1. Comme nous le mettons en évidence dans la présentation [1] du cadre du débat (Revue Internationale n ° 133)
La thèse dite des marchés extra-capitalistes et de l'endettement, comme son nom l'indique, considère que c'est la vente aux marchés extra-capitalistes et la vente à crédit qui ont constitué les débouchés permettant la réalisation de la plus-value nécessaire à l'accumulation du capitalisme durant les années 1950 et 60. Pendant cette période, l'endettement prend progressivement le relais des marchés extra-capitalistes subsistant encore dans le monde lorsque ces derniers deviennent insuffisants pour écouler les marchandises produites.
Deux questions se posent à propos de cette thèse :
Comme nous l'avons avancé dans le texte de présentation de la thèse des marchés extra-capitalistes et de l'endettement paru dans la Revue Internationale n° 133 [1] , pas plus l'augmentation du pouvoir d'achat de la classe ouvrière que celle des commandes étatiques - dont une grande partie est improductive, comme l'illustre le cas de l'industrie d'armement - ne peuvent en rien participer à l'enrichissement du capital global. Nous dédions l'essentiel du présent article à cette question qui, selon nous, fait l'objet d'une ambiguïté importante au sein de la thèse du capitalisme d’État keynésiano-fordiste, en particulier du fait des vertus qu'elle attribue, pour l'économie capitaliste, à l'augmentation du pouvoir d'achat de la classe ouvrière.

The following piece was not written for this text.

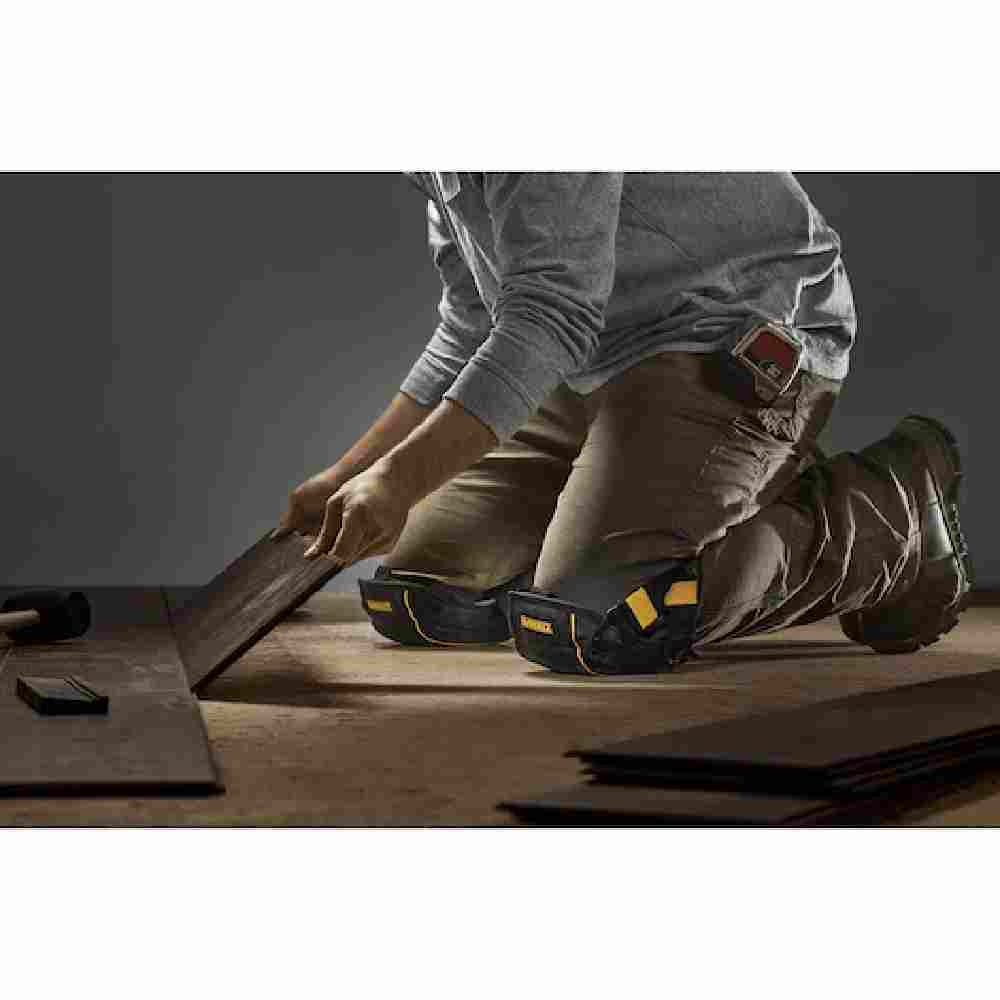 DeWalt DWST590014 Flooring Knee Pads showing being worn by a contractor installing planked flooring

Pour cette dernière, "Ce système a donc momentanément pu garantir la quadrature du cercle consistant à faire croître la production de profit et les marchés en parallèle dans un monde désormais largement dominé par la demande salariale" 1. Que signifie faire croître la production de profit ? Produire des marchandises et les vendre, mais alors pour satisfaire quelle demande ? Celle émanant des ouvriers ? La phrase suivante de l'article en question est tout aussi ambiguë et ne nous renseigne pas davantage : "L’accroissement assuré des profits, des dépenses de l’État et l’augmentation des salaires réels, ont pu garantir la demande finale si indispensable au succès du bouclage de l’accumulation capitaliste" 2. Si l'accroissement des profits est assuré, l'accumulation capitaliste l'est aussi et, dans ce cas, il devient tout à fait inutile d'invoquer l'augmentation des salaires et des dépenses de l'État pour expliquer "le bouclage" de l'accumulation !

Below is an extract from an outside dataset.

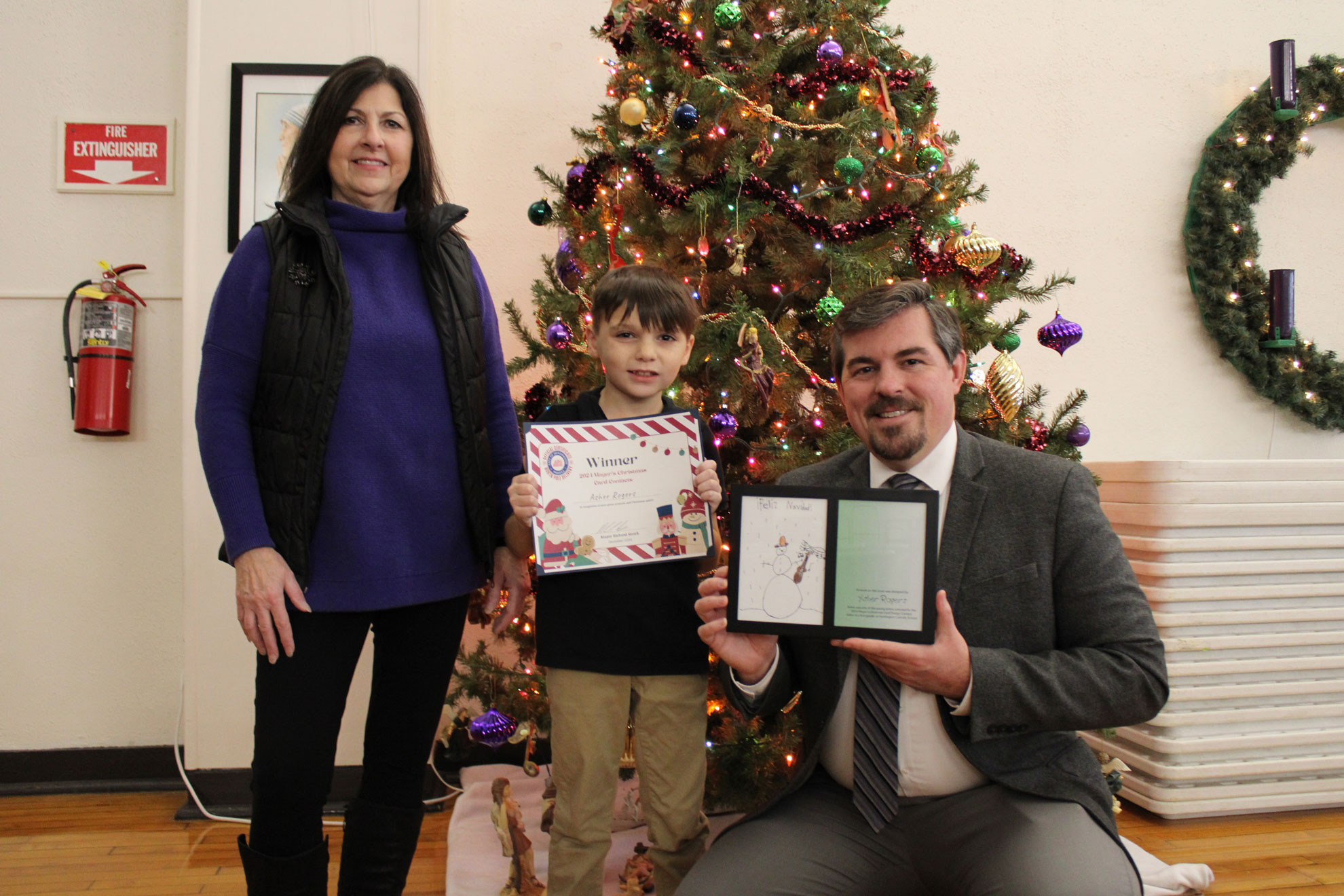 A student displays his Christmas Card art and prize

Ce flou dans la formulation du cœur du problème ne nous laisse pas d'autre possibilité que d'interpréter, au risque de nous tromper. Veut-on dire que les dépenses de l’État et l’augmentation des salaires réels garantissent la demande finale, permettant ainsi l'accroissement des profits, à la base de l'accumulation capitaliste ? Est-ce bien cela la bonne interprétation, comme pourrait le suggérer l'ensemble du texte. Si oui, alors il y a réellement un problème avec cette thèse qui, selon nous, remet en cause les fondements mêmes de l'analyse marxiste de l'accumulation capitaliste, comme nous allons le voir. Si, par contre, ce n'est pas la bonne interprétation, il faut nous dire quelle demande garantit la réalisation de profit à travers la vente des marchandises produites.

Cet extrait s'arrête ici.